Transcribe the data exactly, pictures excluded.
Start of TASK INPUTS
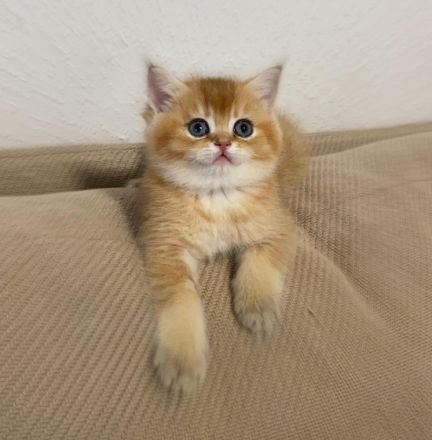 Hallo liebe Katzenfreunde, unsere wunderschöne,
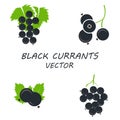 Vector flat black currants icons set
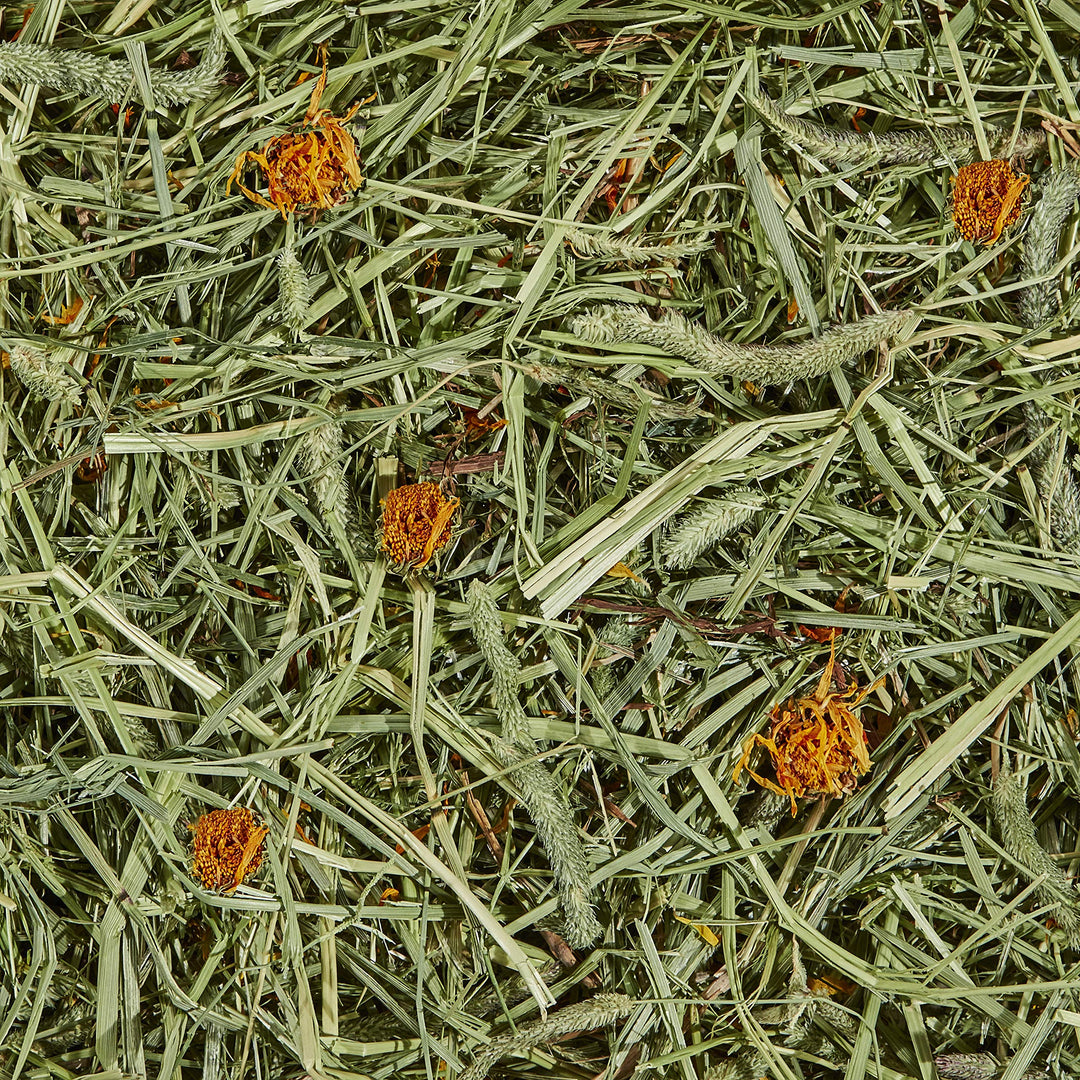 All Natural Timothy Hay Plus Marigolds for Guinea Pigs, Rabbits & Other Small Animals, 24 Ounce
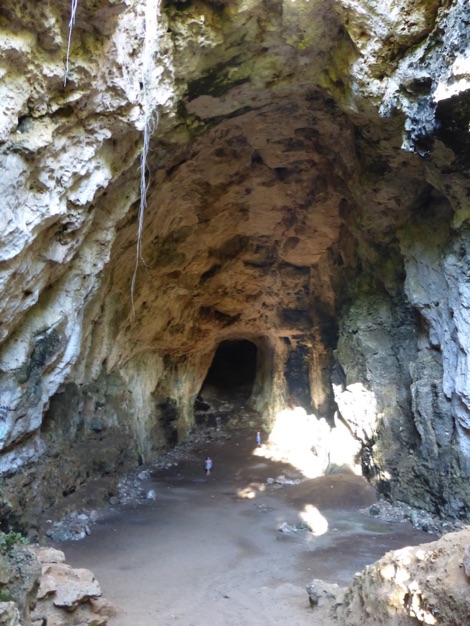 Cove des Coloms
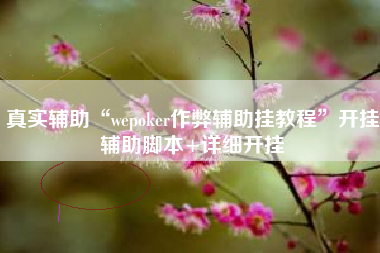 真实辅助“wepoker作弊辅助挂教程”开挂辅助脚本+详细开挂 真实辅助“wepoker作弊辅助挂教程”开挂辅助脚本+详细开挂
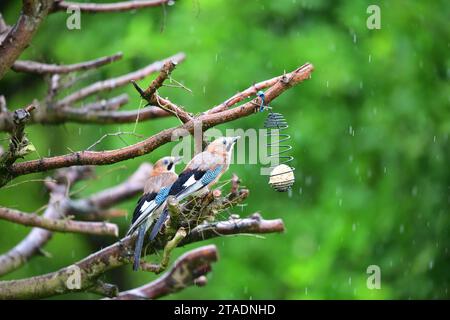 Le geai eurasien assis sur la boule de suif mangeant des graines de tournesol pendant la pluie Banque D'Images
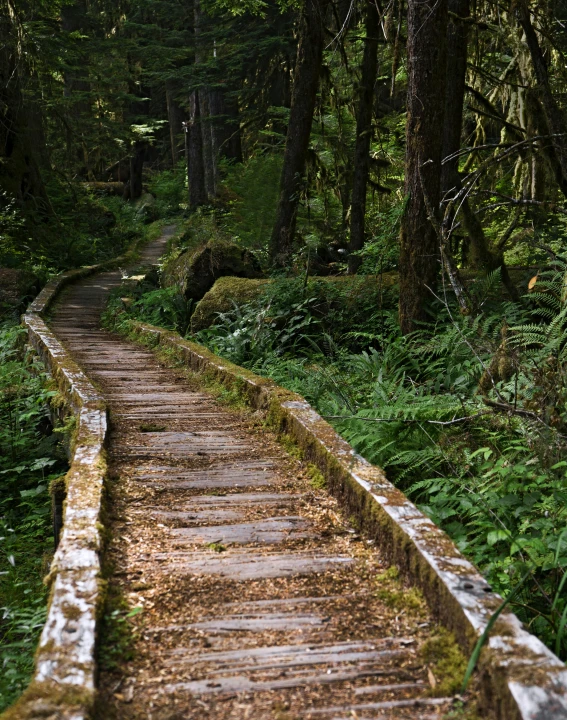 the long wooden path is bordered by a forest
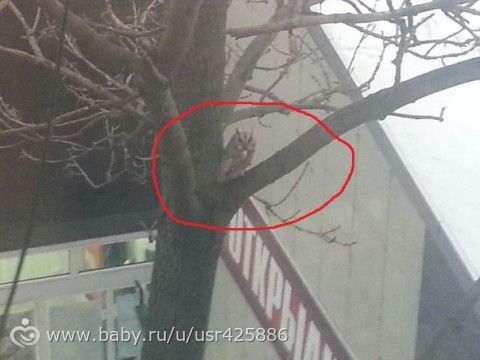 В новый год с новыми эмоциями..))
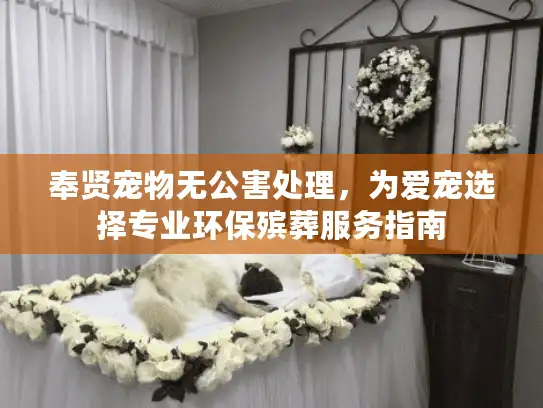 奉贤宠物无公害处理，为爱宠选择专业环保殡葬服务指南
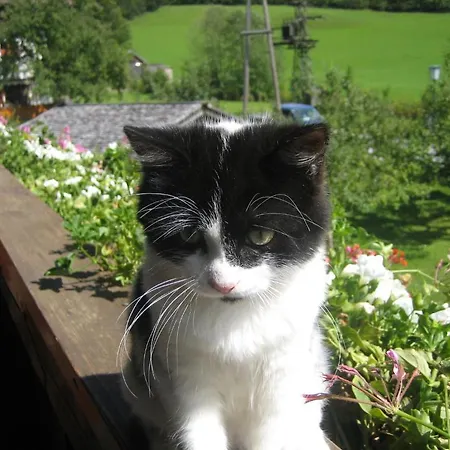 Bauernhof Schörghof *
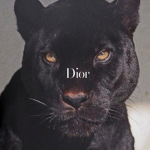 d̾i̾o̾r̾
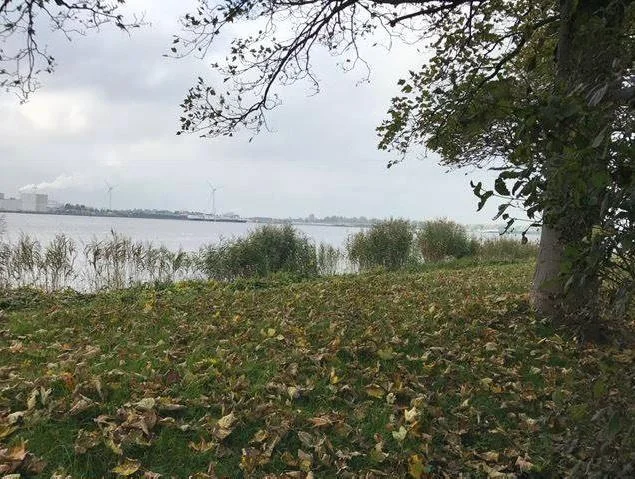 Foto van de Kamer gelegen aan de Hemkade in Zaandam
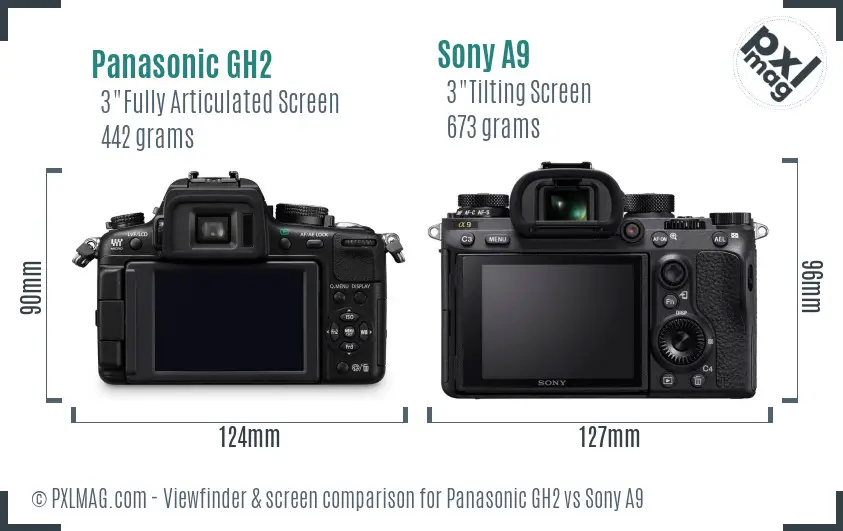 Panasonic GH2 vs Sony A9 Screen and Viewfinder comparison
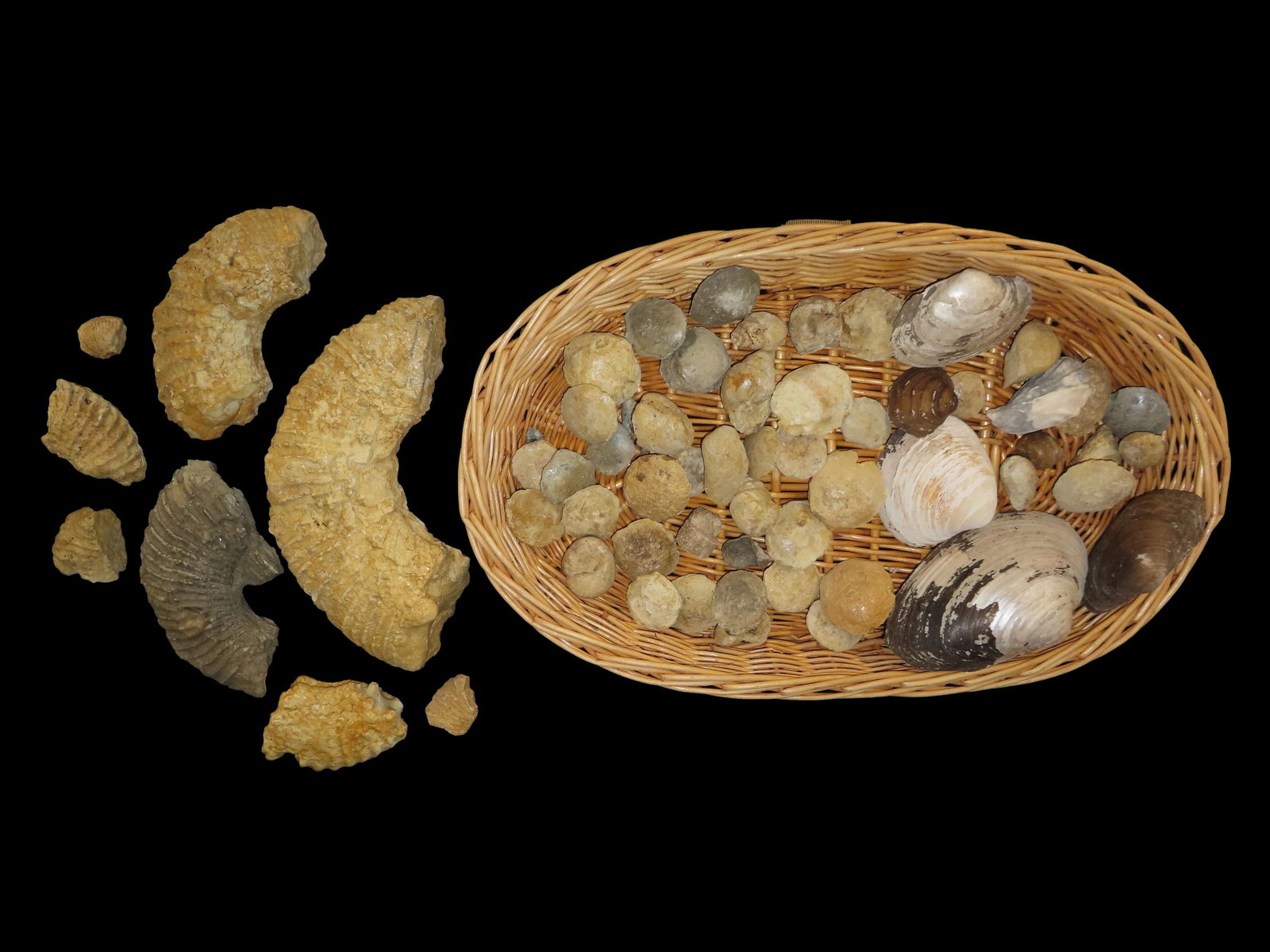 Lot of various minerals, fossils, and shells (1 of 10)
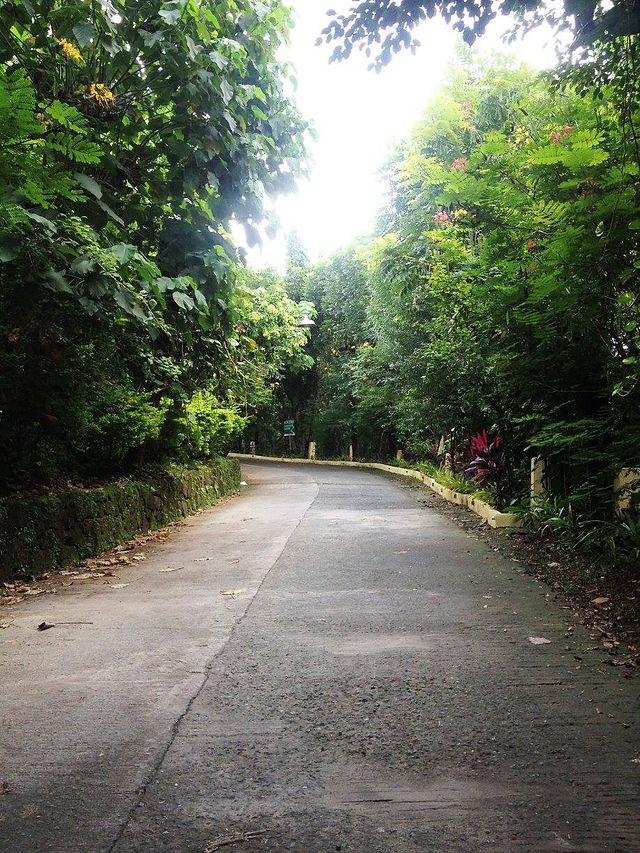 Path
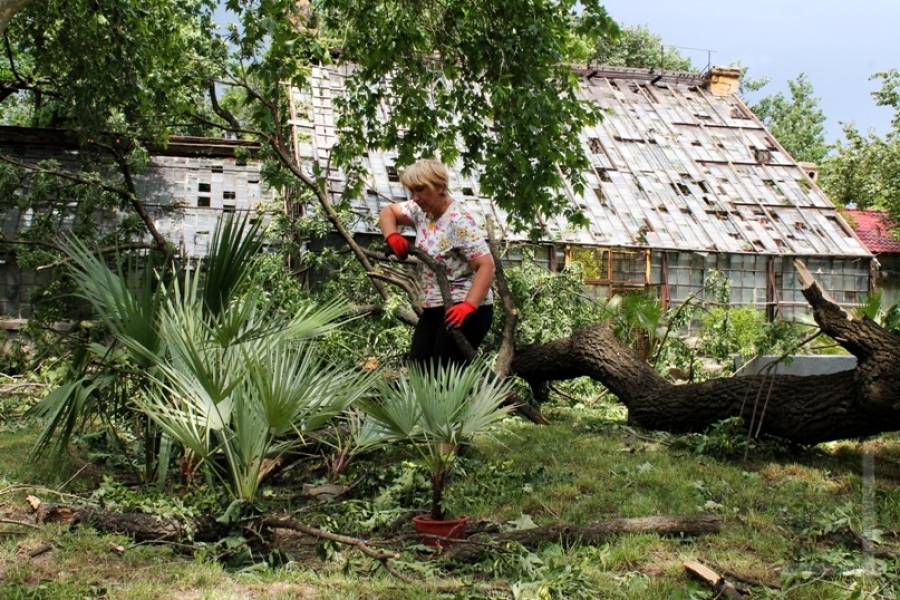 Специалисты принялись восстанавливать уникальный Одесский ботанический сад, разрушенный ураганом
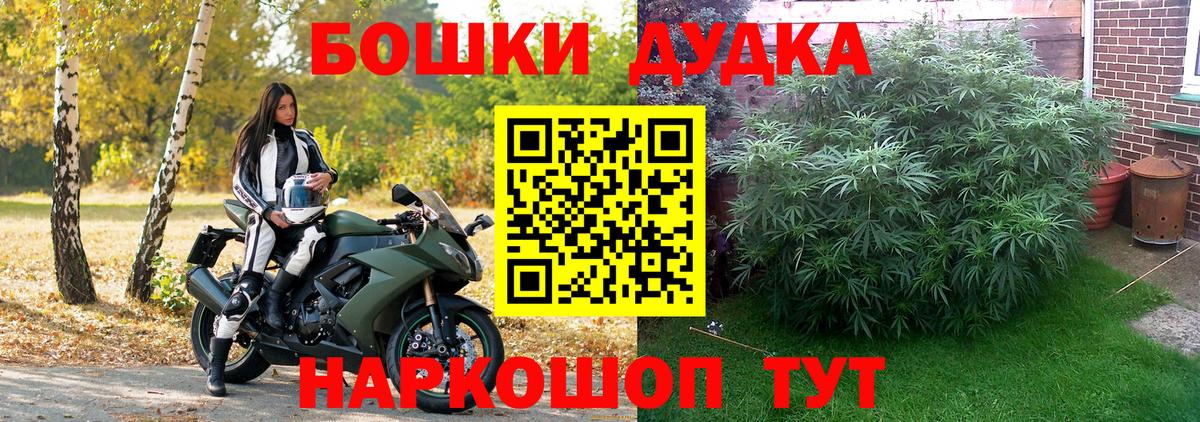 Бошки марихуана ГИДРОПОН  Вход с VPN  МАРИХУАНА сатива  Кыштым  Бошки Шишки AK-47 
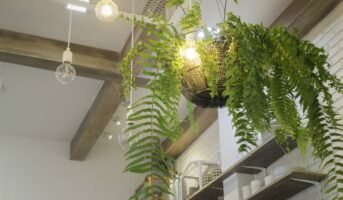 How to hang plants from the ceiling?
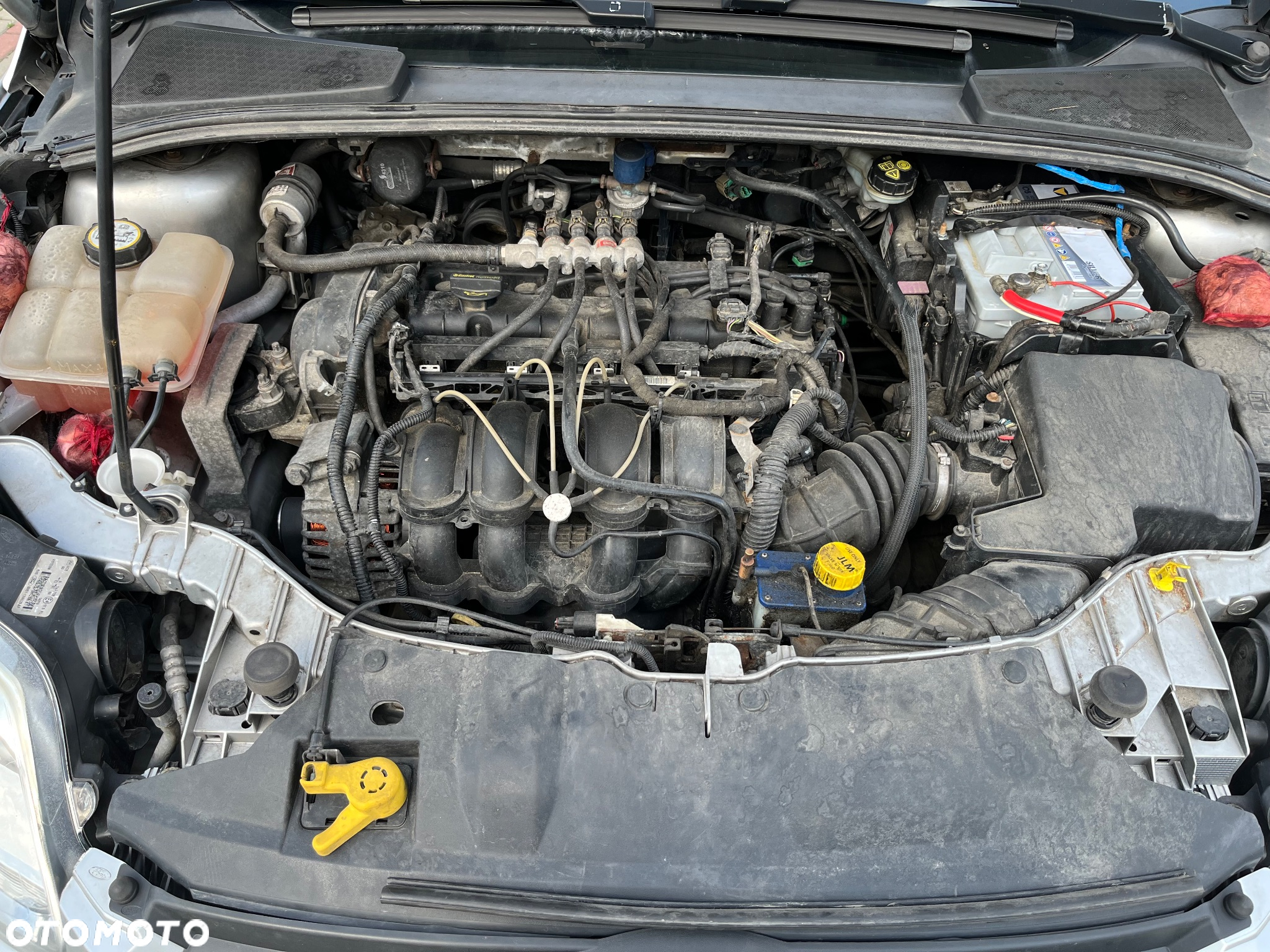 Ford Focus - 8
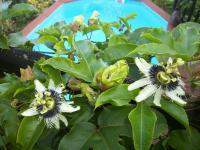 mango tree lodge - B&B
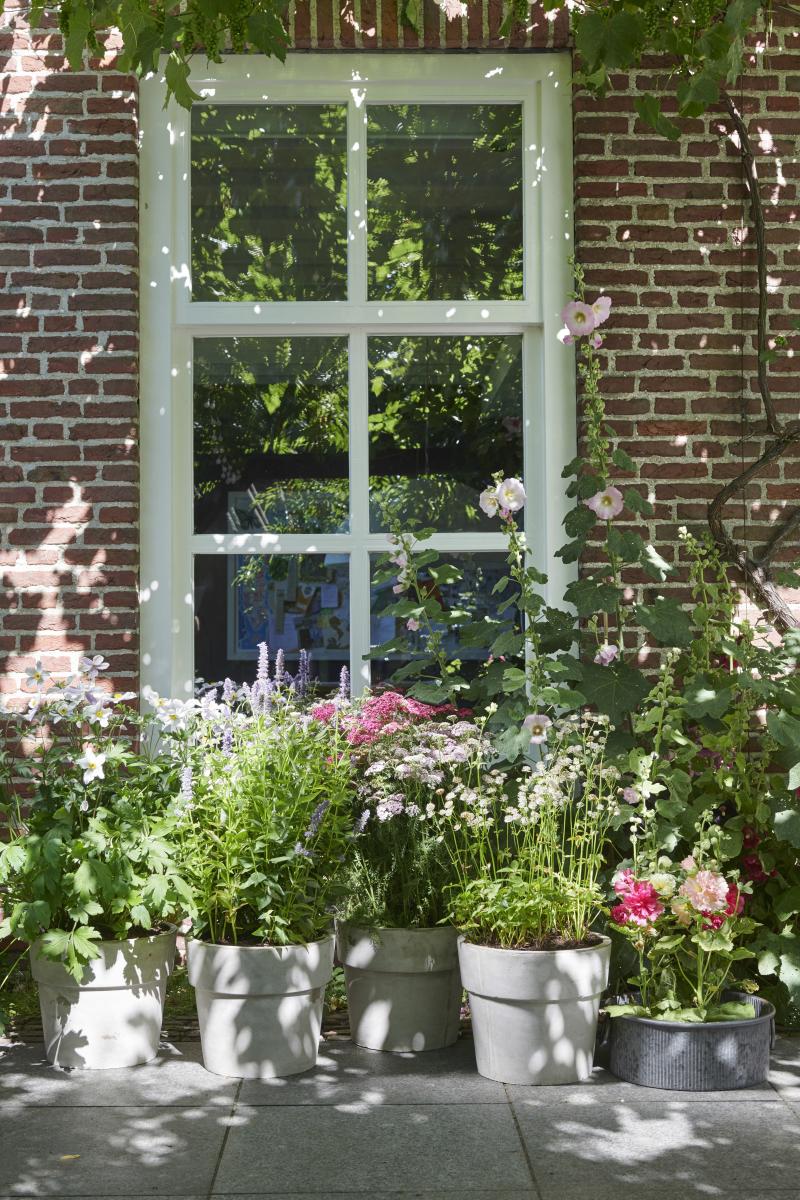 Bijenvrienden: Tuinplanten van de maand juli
End of TASK INPUTS
• COMPLETED EXERCISE:
 Hallo liebe Katzenfreunde, unsere wunderschöne,
 Vector flat black currants icons set
 All Natural Timothy Hay Plus Marigolds for Guinea Pigs, Rabbits & Other Small Animals, 24 Ounce
 Cove des Coloms
 真实辅助“wepoker作弊辅助挂教程”开挂辅助脚本+详细开挂 真实辅助“wepoker作弊辅助挂教程”开挂辅助脚本+详细开挂
 Le geai eurasien assis sur la boule de suif mangeant des graines de tournesol pendant la pluie Banque D'Images
 the long wooden path is bordered by a forest
 В новый год с новыми эмоциями..))
 奉贤宠物无公害处理，为爱宠选择专业环保殡葬服务指南
 Bauernhof Schörghof *
 d̾i̾o̾r̾
 Foto van de Kamer gelegen aan de Hemkade in Zaandam
 Panasonic GH2 vs Sony A9 Screen and Viewfinder comparison
 Lot of various minerals, fossils, and shells (1 of 10)
 Path
 Специалисты принялись восстанавливать уникальный Одесский ботанический сад, разрушенный ураганом
 Бошки марихуана ГИДРОПОН  Вход с VPN  МАРИХУАНА сатива  Кыштым  Бошки Шишки AK-47 
 How to hang plants from the ceiling?
 Ford Focus - 8
 mango tree lodge - B&B
 Bijenvrienden: Tuinplanten van de maand juli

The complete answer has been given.